How much data do you have? If you have a petabyte of large-size files, and your disk consumption is increasing annually, consider storing those in the cloud. Cloud vendors have varying levels of data protection schemes (at different price points, naturally) to recover your data in the event of a disaster.
"Before deciding on a solution to implement a disaster recovery strategy, it’s important to understand what the business requirements are for disaster survivability"
If the decision is made to keep these file types on premise, array-based replication to a secondary location would suffice for DR purposes. You could also take a hybrid approach. Companies such as Cohesity will back up your data on premise as well as replicate it to a cloud target. There are disk arrays on the market today that will tier files out to the cloud, as well as software solutions that can virtualize the storage your applications write to. This last approach allows you, for example, to write a file copy to an on-premise primary disk array, and also perhaps to a lower-cost on-premise disk array for DR purposes, and yet a potential third copy to the cloud for archive purposes. You can mix and match storage vendors. Your application will not care where the file is being retrieved from, as that magic is being handled by the software.

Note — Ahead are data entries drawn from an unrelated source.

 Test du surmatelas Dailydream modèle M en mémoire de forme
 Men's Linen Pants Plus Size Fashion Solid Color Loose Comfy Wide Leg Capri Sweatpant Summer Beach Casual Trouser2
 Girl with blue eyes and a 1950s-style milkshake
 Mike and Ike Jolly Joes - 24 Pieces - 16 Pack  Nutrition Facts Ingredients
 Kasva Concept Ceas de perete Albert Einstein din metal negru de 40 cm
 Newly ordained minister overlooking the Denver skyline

Continuous data protection, or CDP, can be great for recovering virtual machines (VMs) from a very specific point in time. However the trade-off will be a lot of disk space used to track those down-to-the-minute, granular VM changes. Contrast this with VM snapshots, which use pointers to create a recoverable copy of your VM at the time the snapshot is taken.
These snapshots can remain local, or be replicated to a secondary site in addition to the local snapshot.

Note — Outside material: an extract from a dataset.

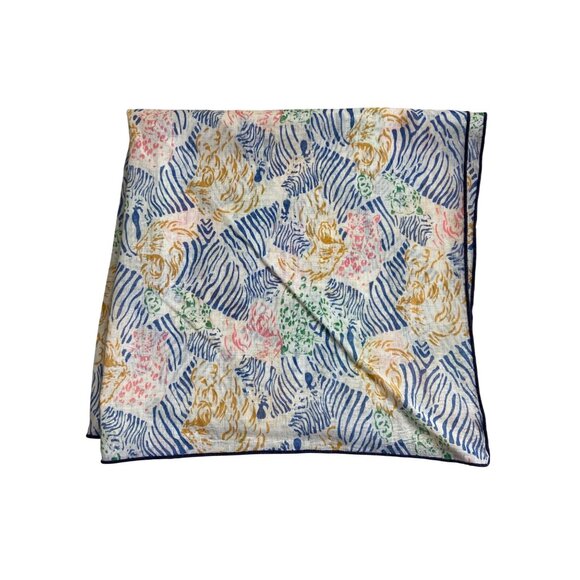 Womens Square Scarf Tiger Print Multicolor Blue Zebra Stripes Edging Mob Wife - Picture 3 of 4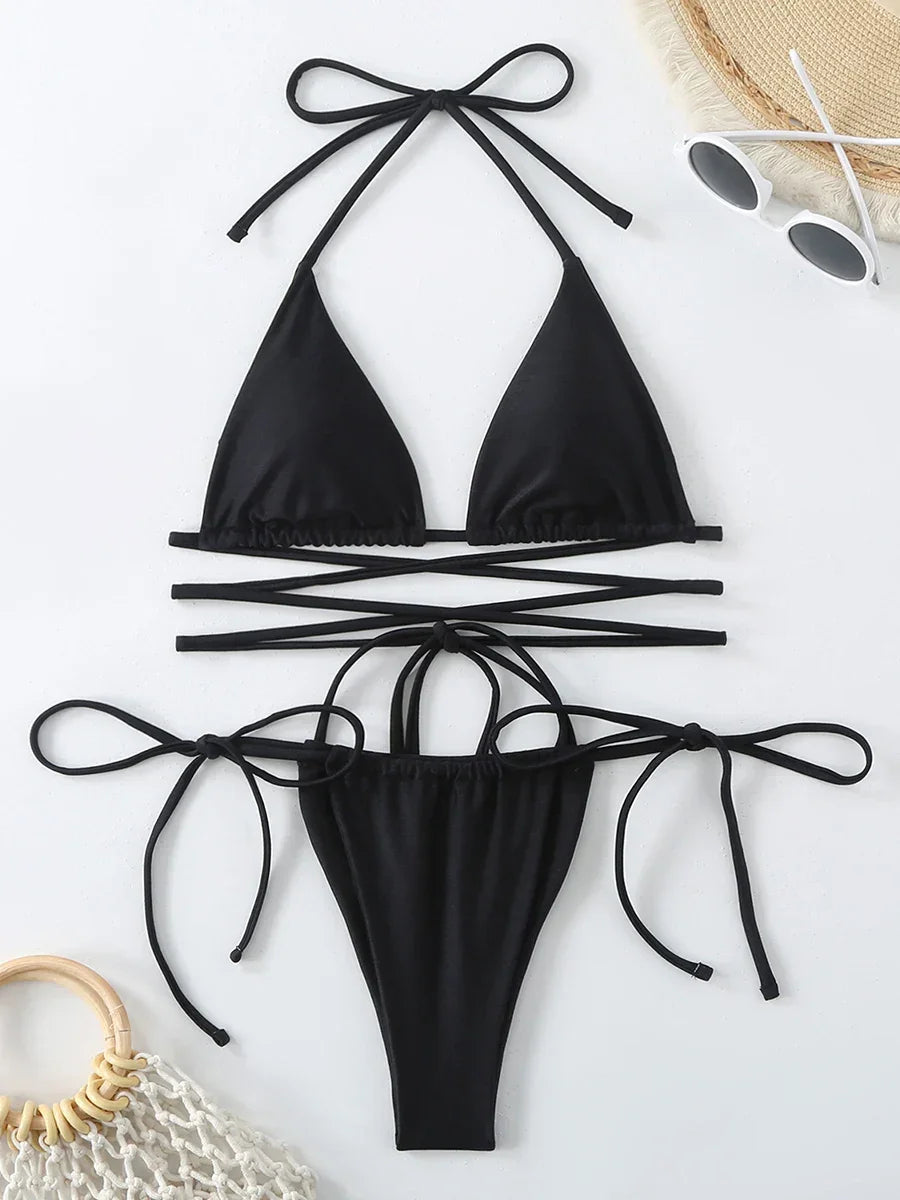 Criss Cross Swimwear Bandage Thong Bikinis Set 2 Piece - Empire P.E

There are also solutions that will back up your VMs to the cloud; some will even allow you to spin up those VMs in the cloud from within the backup solution’s interface, should you happen to have lost a portion (or all) of your compute infrastructure.
Native MSSQL and Oracle backup tools can create performance problems for end users and are difficult to manage without having someone dedicated to them. This is especially problematic in organizations that are run 24x7 and have no concept of a backup window. The same tools I’ve seen for managing the backups of VMs also have ties into MSSQL and Oracle that are much more elegant than their native backup tools. For example, by taking a point-in-time image of the VM, and backing up the database from that snapshot.

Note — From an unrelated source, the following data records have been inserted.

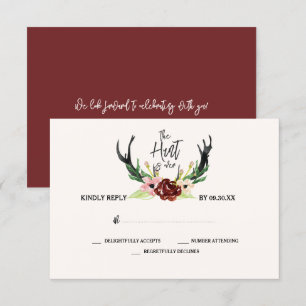 Invitación Floral Acuarela Rústica Boho La Caza Terminó RSVP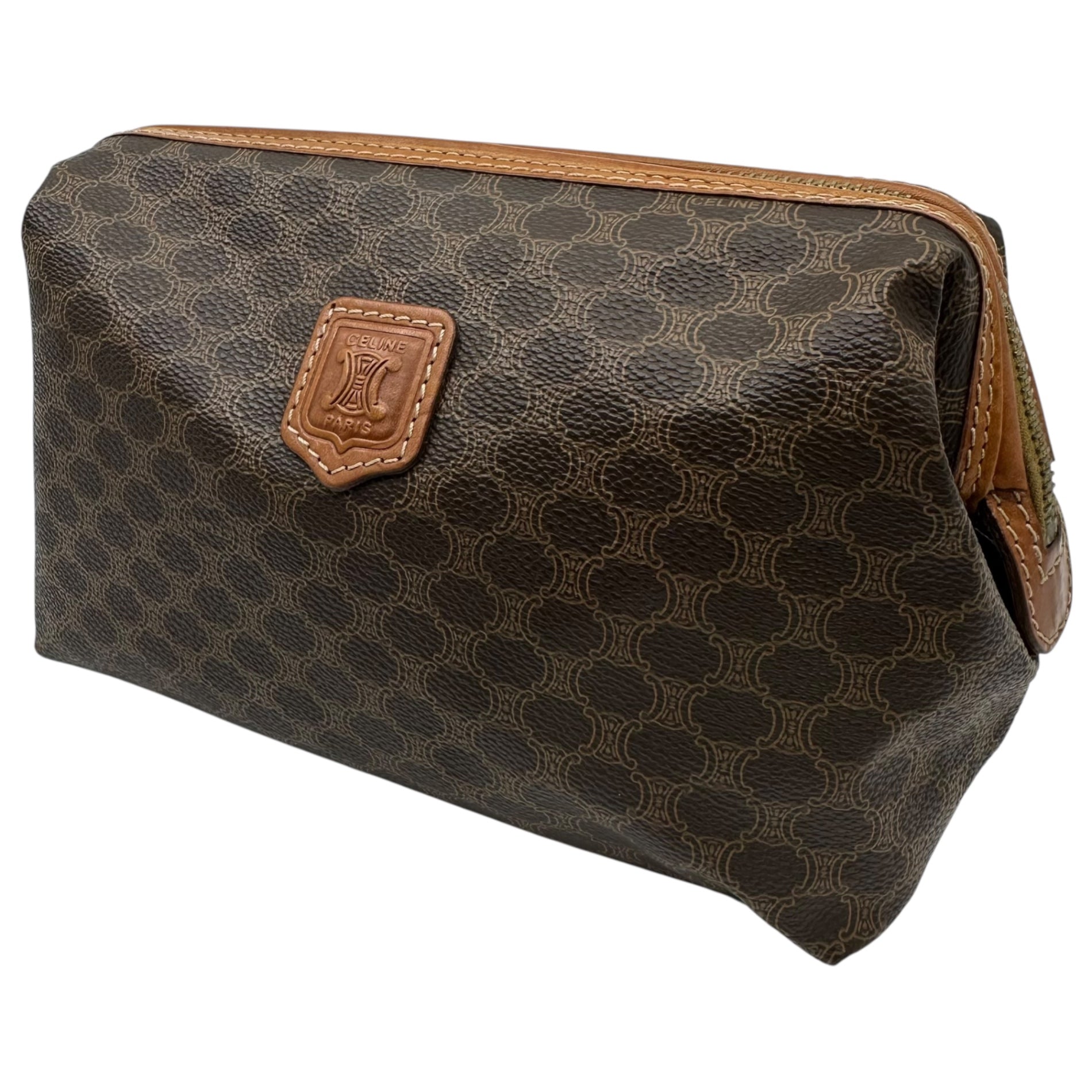 CELINE(セリーヌ) Macadam Pattern Cosmetic Pouch マカダム柄 コスメ ポーチ ブラウン OLD オールド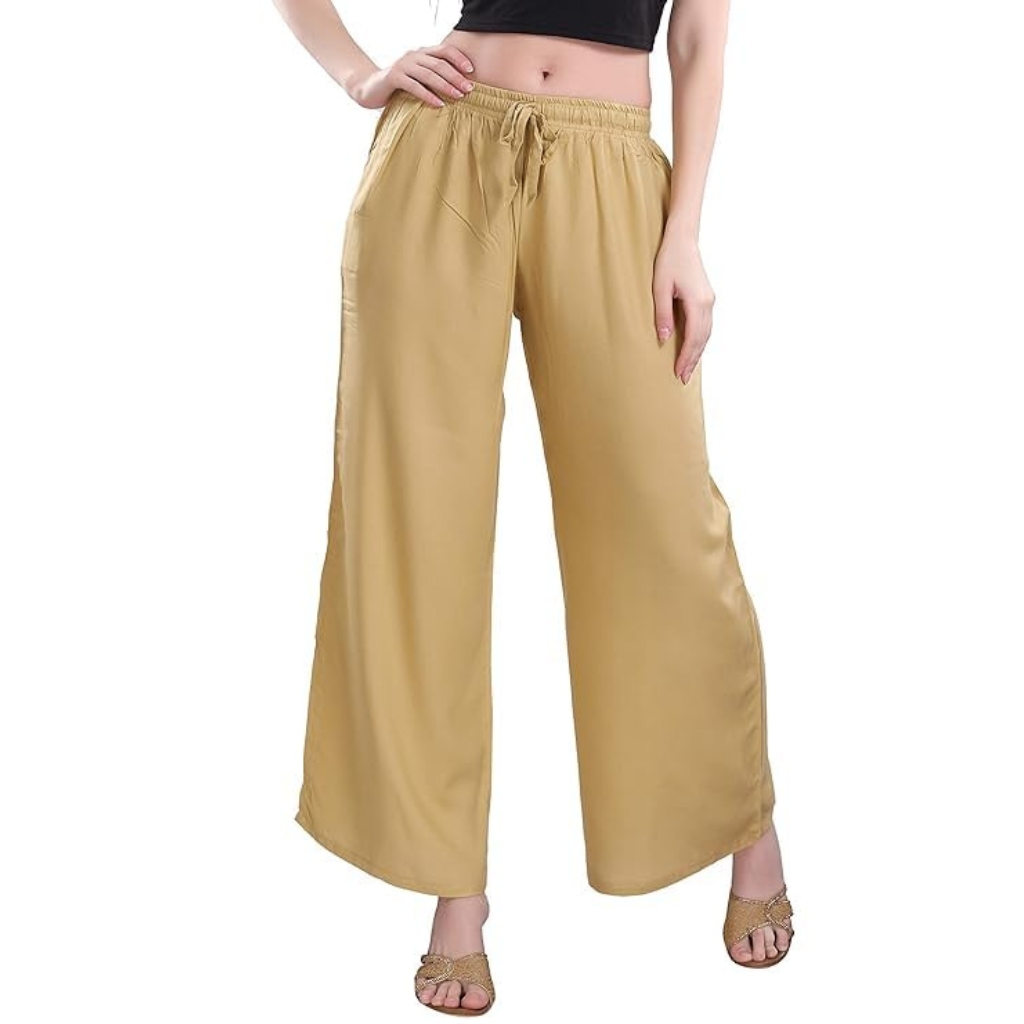 Women’s Beige Rayon Palazzo Pants with Pockets | High Waist Elasticated Wide Leg Trousers for Casual & Ethnic Wear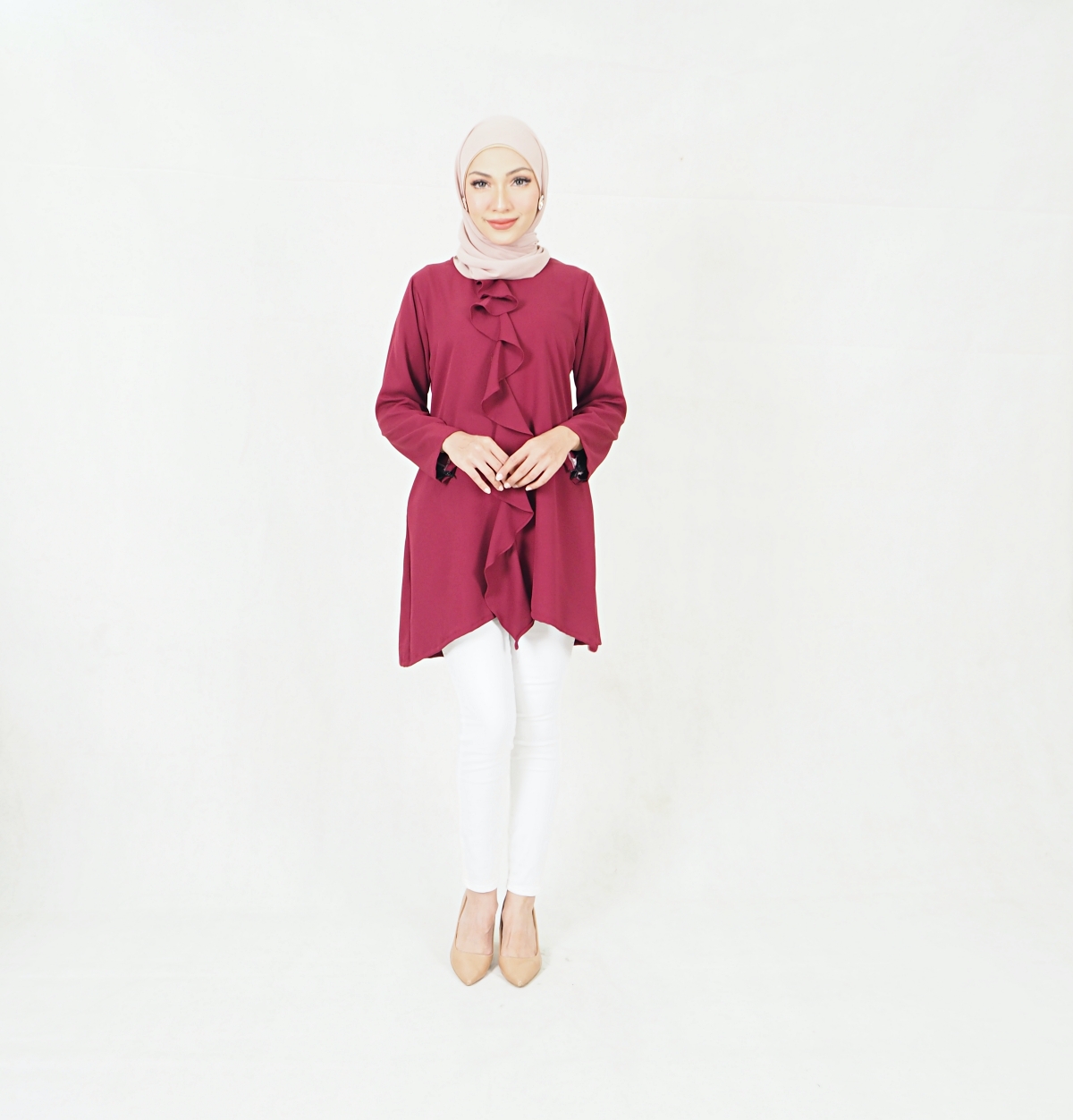 SW5397 (PLUS SIZE) LONG SLEEVES BLOUSE MAROON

While our organization is 99percent virtual, we still have some specialized applications that require physical servers. DR/backup software vendors that had focused on VM protection first, have added in capabilities to support physical servers. Specific use cases may allow recovery to a virtual host, however, if your physical servers have very specific hardware requirements, that may not be a possibility. In these cases, onsite spare hardware may be required, depending on how quickly you need to recover.
But whatever you do…..
Test, test, TEST your ability to restore from your backups. Restore your database backup to another machine instance and ensure it passes its consistency checks, at the least. Ensure you can hit your RTO and RPO requirements. Restore your virtual machines to a segregated network and make sure they boot up without bluescreening. If you have the infrastructure to do so, conduct a “live fire” exercise: execute your DR plan and run your systems as if you were in a disaster. When your exercise is completed, restore operations back to your primary datacenter. This type of DR exercise takes significant planning and coordination from your different business units, but gives you the benefit of knowing your entire corporate business continuity plan–beyond the technical aspects–is firing on all cylinders.
In conclusion, DR solutions on the market today have far greater capabilities than those from 20 years ago. Being able to leverage the cloud as a DR and/or backup target brings flexibility to solution choices, but you should ensure the solution you chose is designed to meet the requirements the business has set forth.